++++ SOURCE DATA

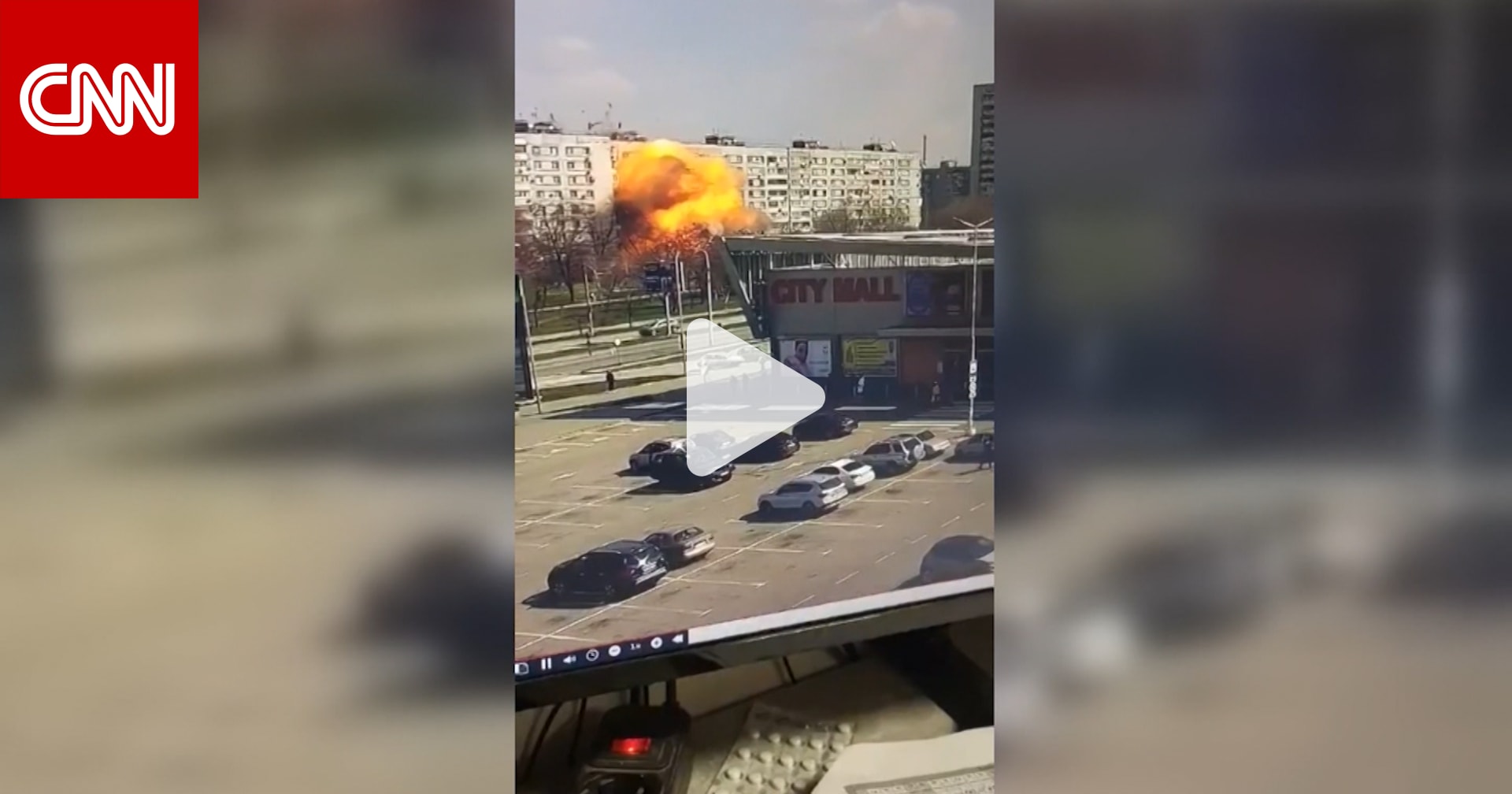 أطلق كرة لهب هائلة.. شاهد ما حدث لمبنى سكني في أوكرانيا عندما أصابه صاروخ روسي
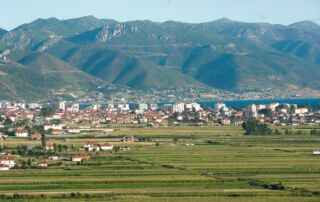 Pogradec is een stad in het zuidoosten van Albanië, gelegen aan de oevers van het Meer van Ohrid.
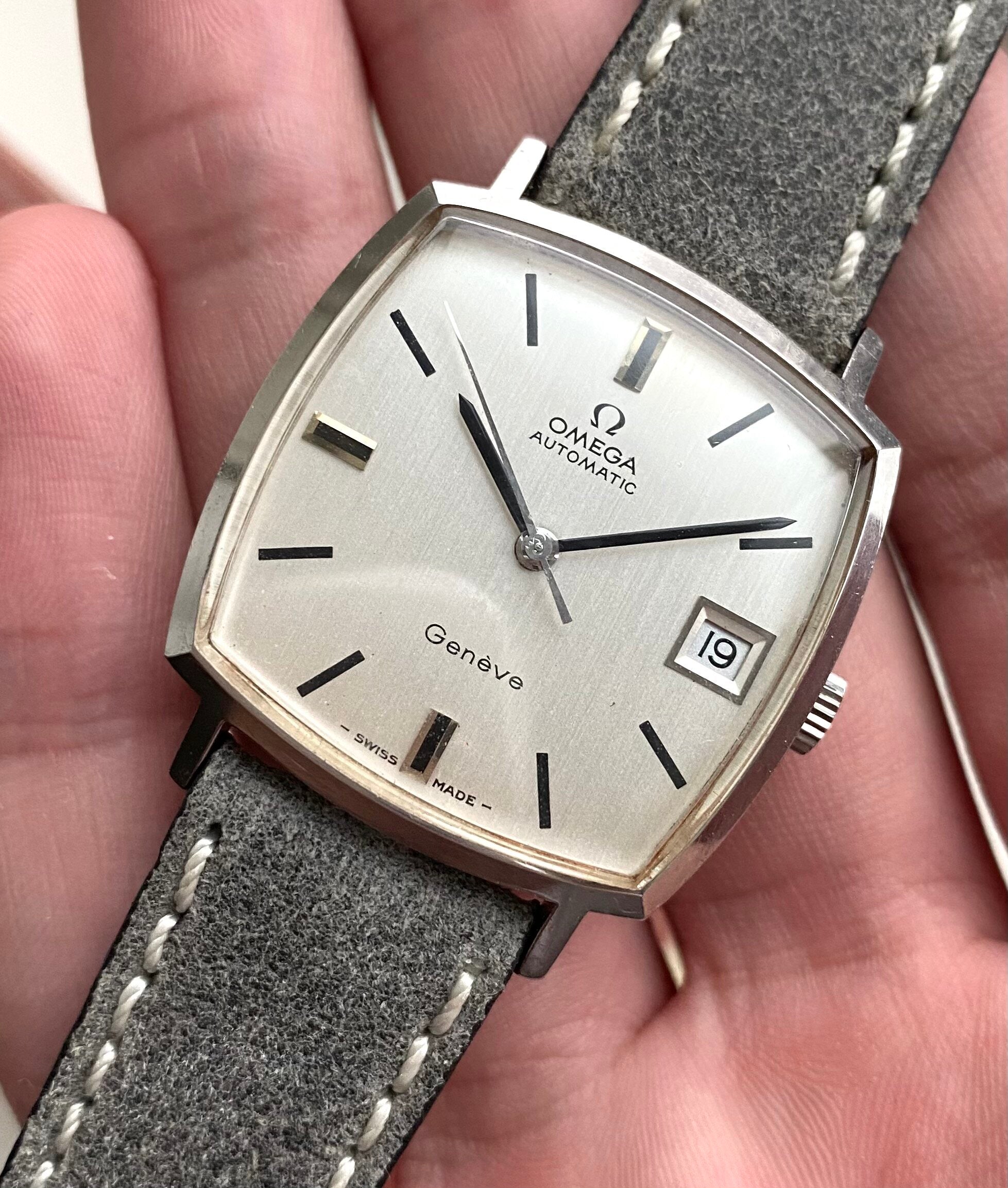 Omega Geneve — TV Case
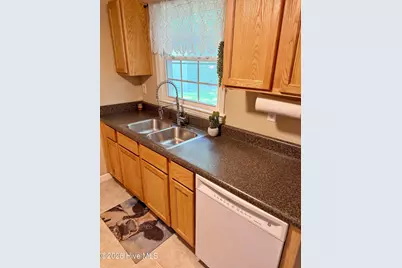 419 Hart Drive, New Bern, NC 28560 - Photo 11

++++++++

■ EXERCISE:
Repeat the material above in full and unchanged, minus its images.

■ COMPLETED TASK:
 أطلق كرة لهب هائلة.. شاهد ما حدث لمبنى سكني في أوكرانيا عندما أصابه صاروخ روسي
 Pogradec is een stad in het zuidoosten van Albanië, gelegen aan de oevers van het Meer van Ohrid.
 Omega Geneve — TV Case
 419 Hart Drive, New Bern, NC 28560 - Photo 11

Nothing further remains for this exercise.